→ RECORDS TO PROCESS:

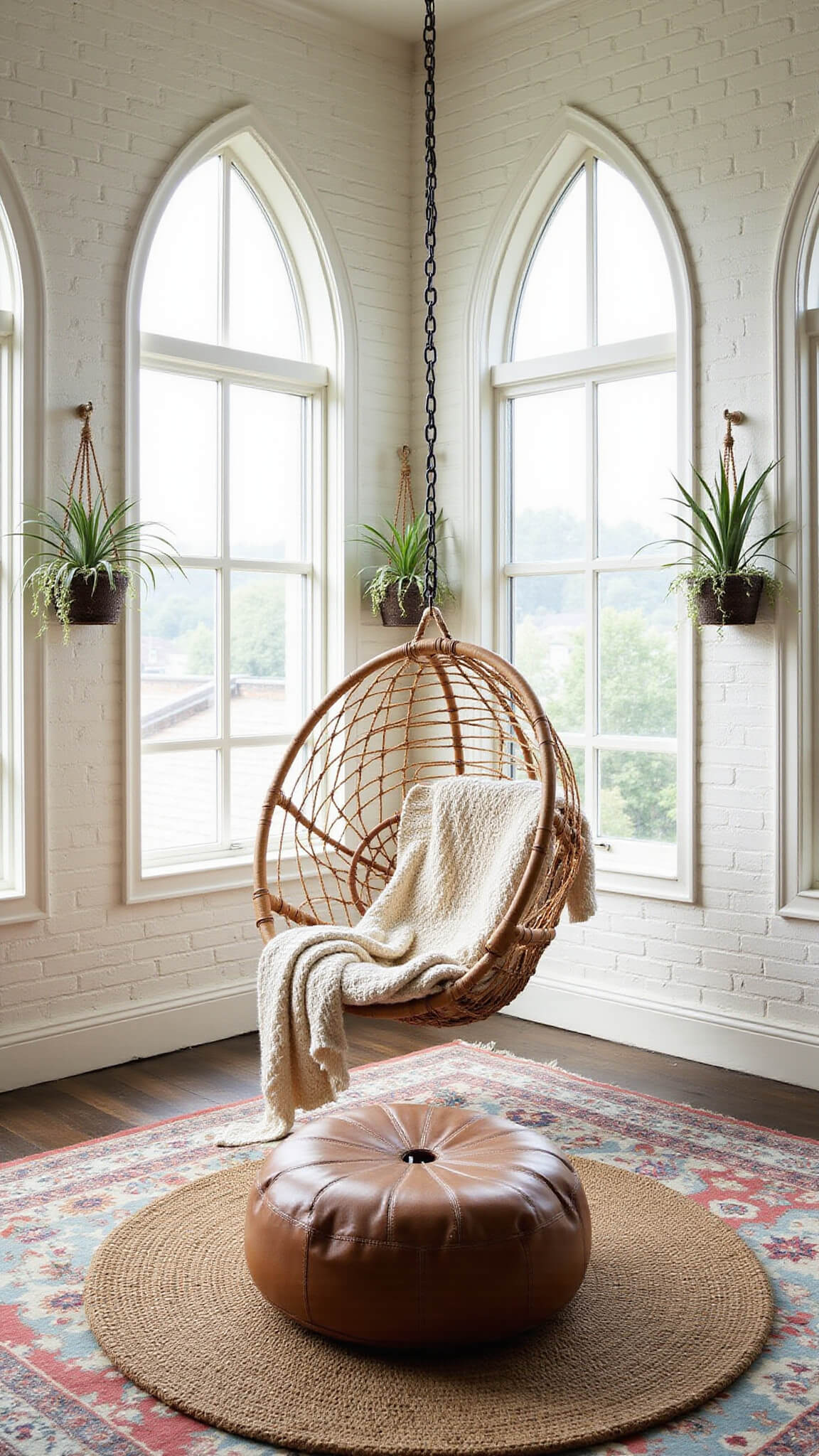 Double-height sunroom with arched windows, morning light streaming across whitewashed brick walls, centered rattan egg chair with ivory throw, hanging planters, leather pouf on layered rugs, viewed from low angle.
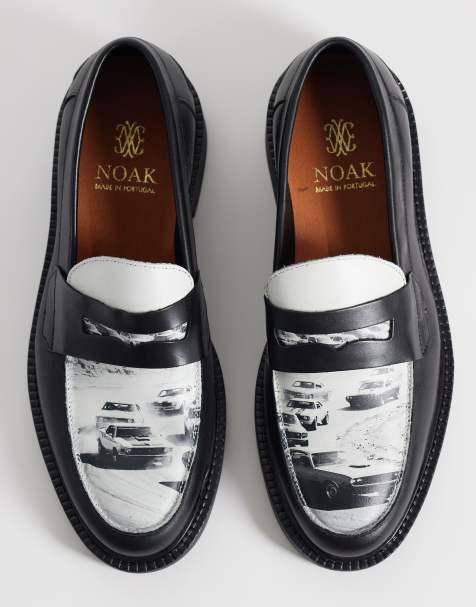 NOAK made In Portugal penny loafers with graphic in black leather - view 1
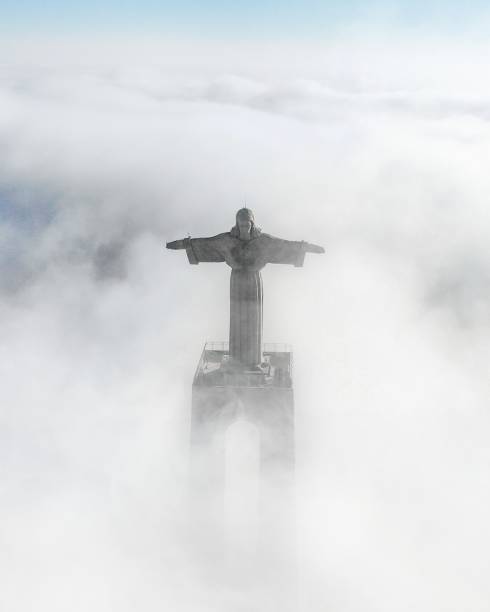 Cristo Rei If you’re flying into or out of Lisbon, choose a window seat for some pretty spectacular views of the city! Preferably choose the right side of the plane…. cristo redentor rio de janeiro stock pictures, royalty-free photos & images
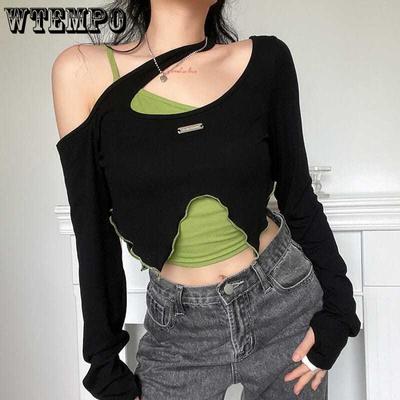 Y2k Vintage T-shirt Egirl Patchwork Crop Tops 2pcs Women Casual Camis T-shirt Streetwear Long Sleeve Lace Up Tee Top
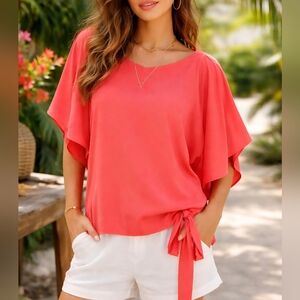 NWT $748 100% Silk Wingate Top Small Coral Blouse Tiffany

→ TO DO: Please set the data above down exactly, with the pictures removed.

→ RESULT OF THE TASK:
 Double-height sunroom with arched windows, morning light streaming across whitewashed brick walls, centered rattan egg chair with ivory throw, hanging planters, leather pouf on layered rugs, viewed from low angle.
 NOAK made In Portugal penny loafers with graphic in black leather - view 1
 Cristo Rei If you’re flying into or out of Lisbon, choose a window seat for some pretty spectacular views of the city! Preferably choose the right side of the plane…. cristo redentor rio de janeiro stock pictures, royalty-free photos & images
 Y2k Vintage T-shirt Egirl Patchwork Crop Tops 2pcs Women Casual Camis T-shirt Streetwear Long Sleeve Lace Up Tee Top
 NWT $748 100% Silk Wingate Top Small Coral Blouse Tiffany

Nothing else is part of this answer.